MENDON -- A Mendon couple stormed out of the Planning and Zoning Commission meeting last week after their request to amend a zoning ordinance was unanimously denied.

Julie and Kent Gwillaim said they have been trying for many months to find a way to rent out their basement, but have had every attempt thus far blocked by the commission. At Wednesday night's meeting they proposed an amendment to the ordinance that would allow single home owners the ability to rent each vacant room in their house to one individual.

"We are proposing to change the wording in ordinance so that if an applicant (someone who desires to rent out space) desires to rent out a portion of their property they could do so in a way that is compliant with the ordinance," Kent said.

Kent also argued the commission has a responsibility to seek a solution to the shortcomings of the ordinances currently in place.

Justin Anderson, city planning and zoning commissioner, said he appreciates the desires of the Gwillaim's to rent out their basement, however, he does not feel that the city ordinances have any transgressions regarding zoning.

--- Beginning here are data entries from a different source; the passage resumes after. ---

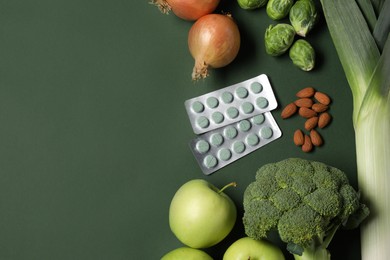 Photo of Pills and food on green background, flat lay with space for text. Prebiotic supplements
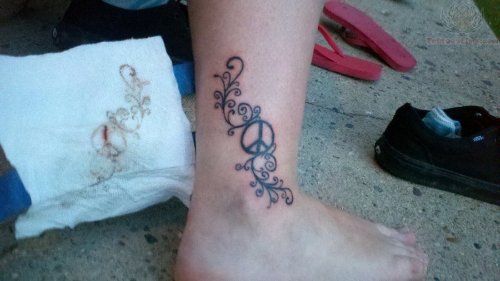 Peace Sign And Design Tattoo On Ankle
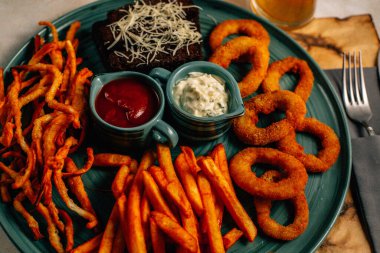 Kızarmış soğan halkalı bira tabağı ve kızarmış patates kızartması ile kalamar gevreği ve masada soslu kraker, yakın görüş.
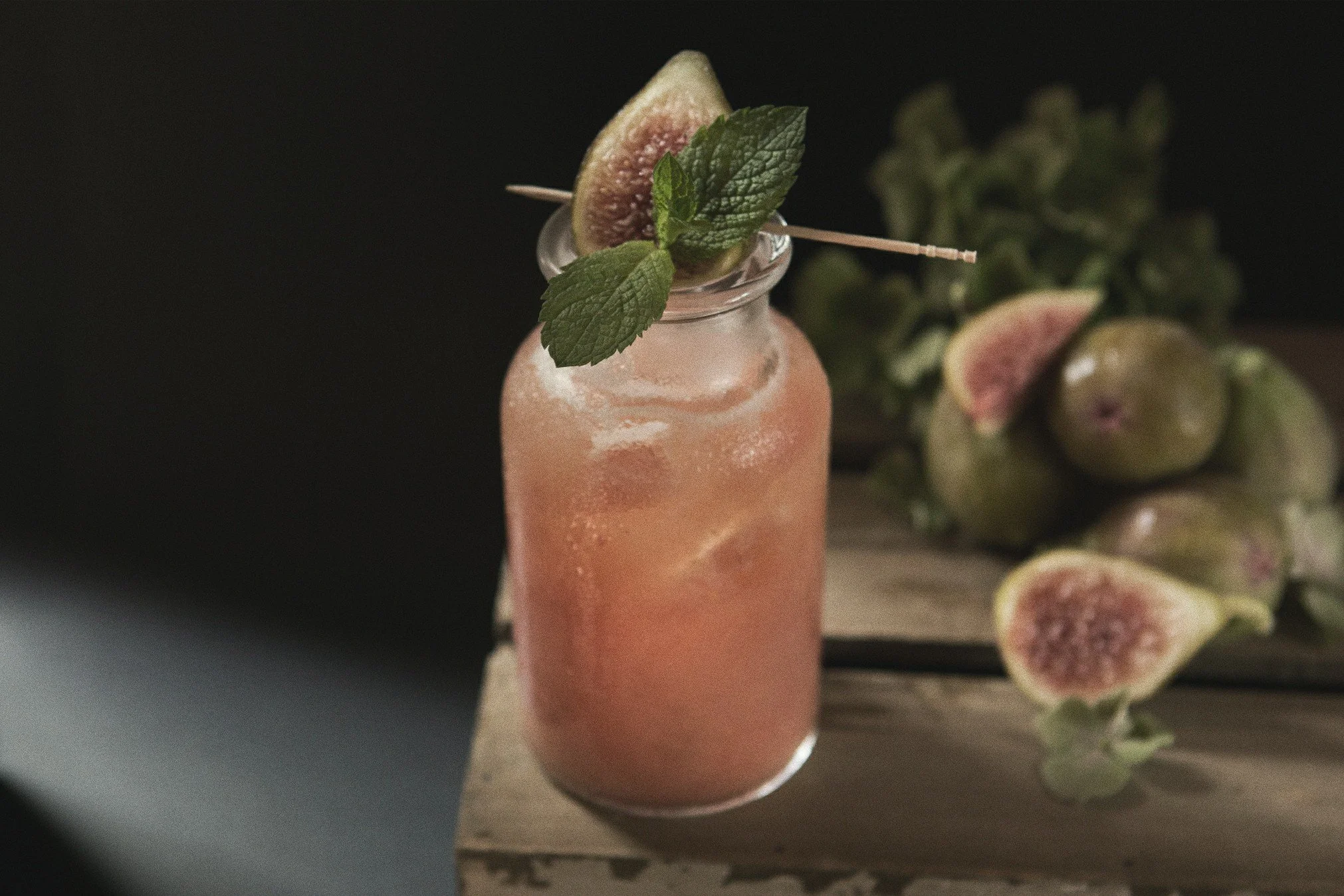 Bottiglia di cocktail rosa con menta e fichi come decorazione e fuscelli di fichi accanto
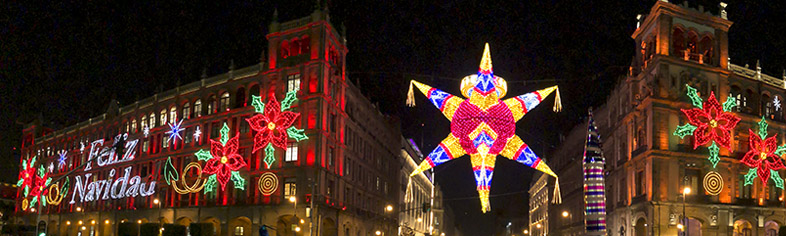 Festive Christmas lights on piñata and building in mexico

Anderson said he was against allowing a zone one, or single family home, to rent out rooms in their own house because if an exception to the rule was made for one individual, others would ask for similar treatment.

"If others come in and rent, this will become a rental community, and [home] values will go down," he said.

Jason Wooden, Mendon City Council representative, said he agreed with Anderson, but the possibility of Mendon becoming a rental community wasn't his biggest concern.

Mendon City planners set up zoning throughout the city according to the resources available, Wooden said. If renters are allowed, it would be difficult to regulate how much human waste is going into septic tanks, and the cost for additional services like garbage removal.

"If we allowed [single family zone] homes to rent, it would put our resources over the top. This is why we have limited multi-family zone areas in Mendon. This would open up all homes in the city to have renters," he said.

Wooden said the sudden increase in population would also raise crime rates and possibly taxes which would be needed to pay for the extra expenses.

Kent also brought up the point that others in the city are currently renting out space in their homes without having gone before the planning and zoning commission and the city has done nothing to stop them.

To this Wooden said he has not heard of this occurring, however, due to the size of Mendon and the lack of city funding, it is almost impossible to police. Those problems usually only become recognized by the commission if they are brought up as a formal complaint by a city resident.

In response Kent said, "Well maybe we'll just rent out our basement anyway and in that time consult with a [lawyer], and when you find out, we could make this a very nasty fight."

The final decision by the commission was to refer the inquiry to city council with the recommendation to deny the request.